Requirement
Task for the records below: repeat the line containing "Set of Bouquets of Flowers" and every line after it, exactly and with nothing else, but leave out the pictures.
[Records for this exercise Boundary: Start]
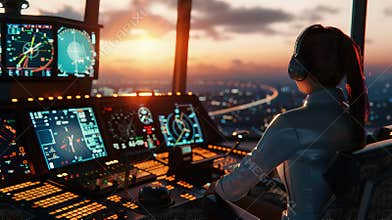 Photo of a skilled female air traffic controller managing flights in a control tower.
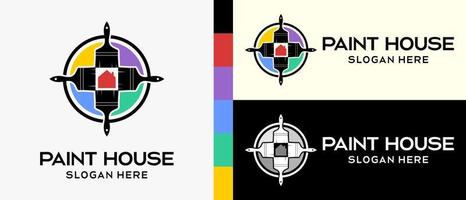 Häftigt byggnad måla logotyp design mall. fyra penslar med en silhuett och en hus ikon i en cirkel. vektor illustration av en logotyp för vägg eller byggnad måla. premie vektor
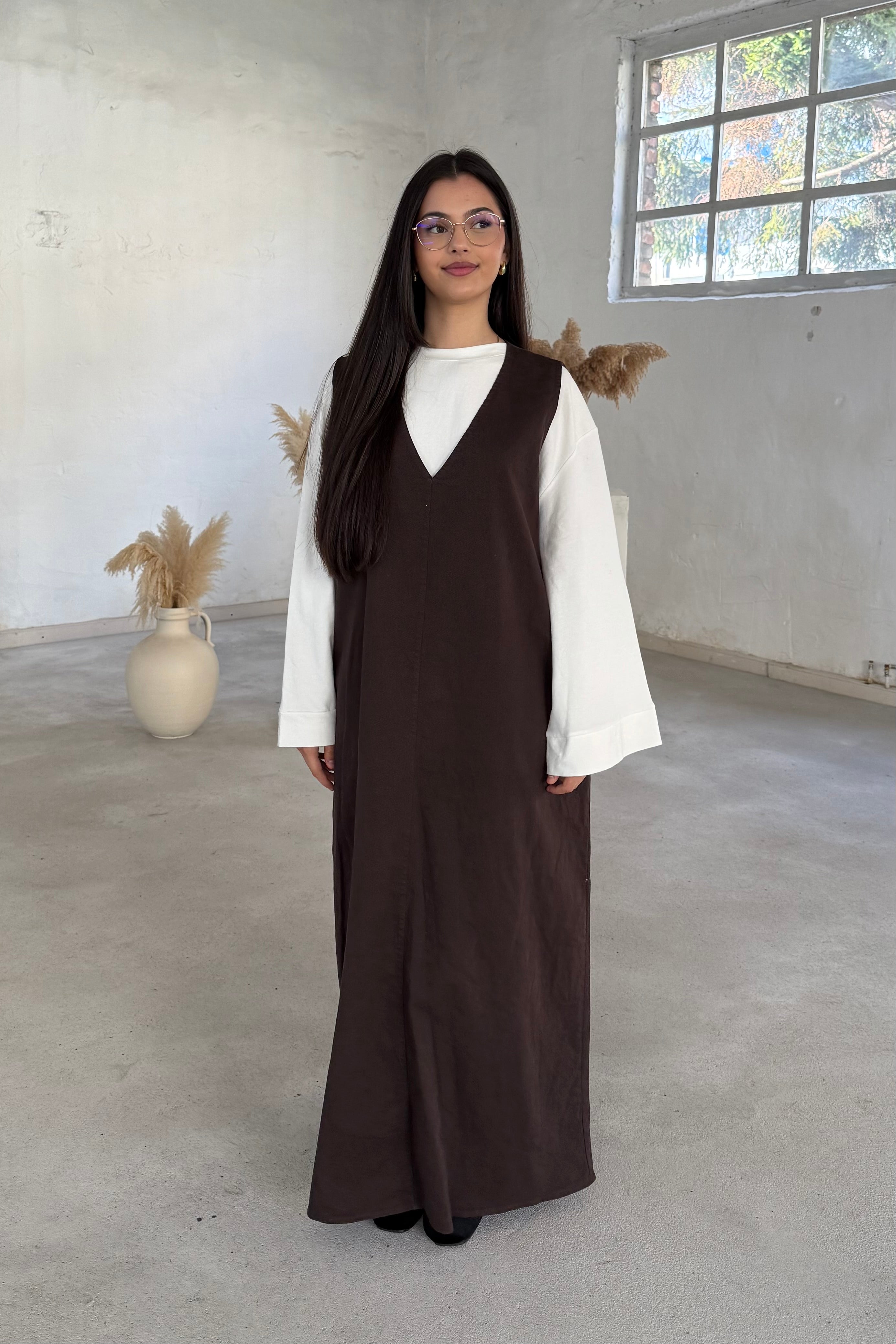 Lina Kurzarm Denimkleid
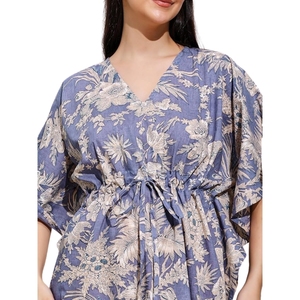 Robe kaftan pour femmes, imprimée, en coton, col en V, longueur genoux, robe de nuit - Product Image 3
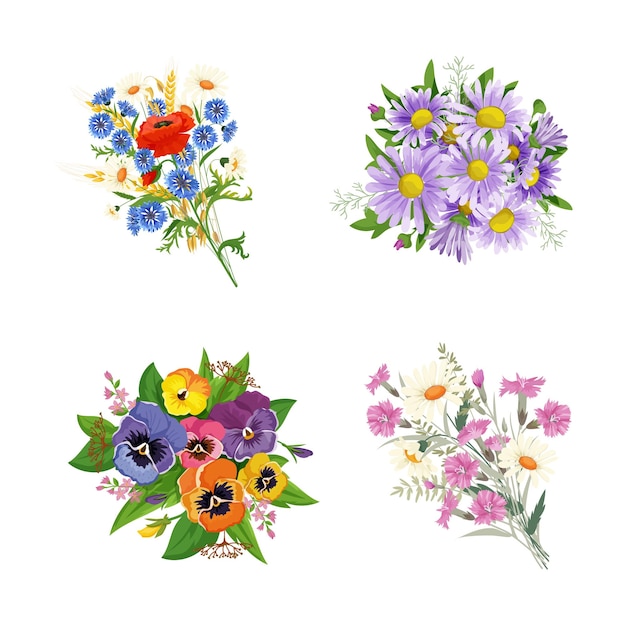 Set of Bouquets of Flowers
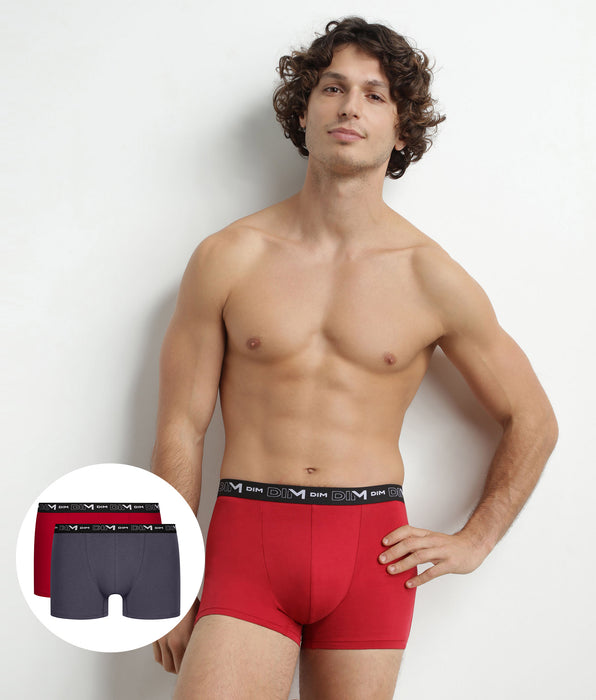 DIM Lot de 2 Boxers homme Gris Rouge ceinture contrastée Dim Coton Stretch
[Records for this exercise Boundary: End]
Response for this exercise
 Set of Bouquets of Flowers
 DIM Lot de 2 Boxers homme Gris Rouge ceinture contrastée Dim Coton Stretch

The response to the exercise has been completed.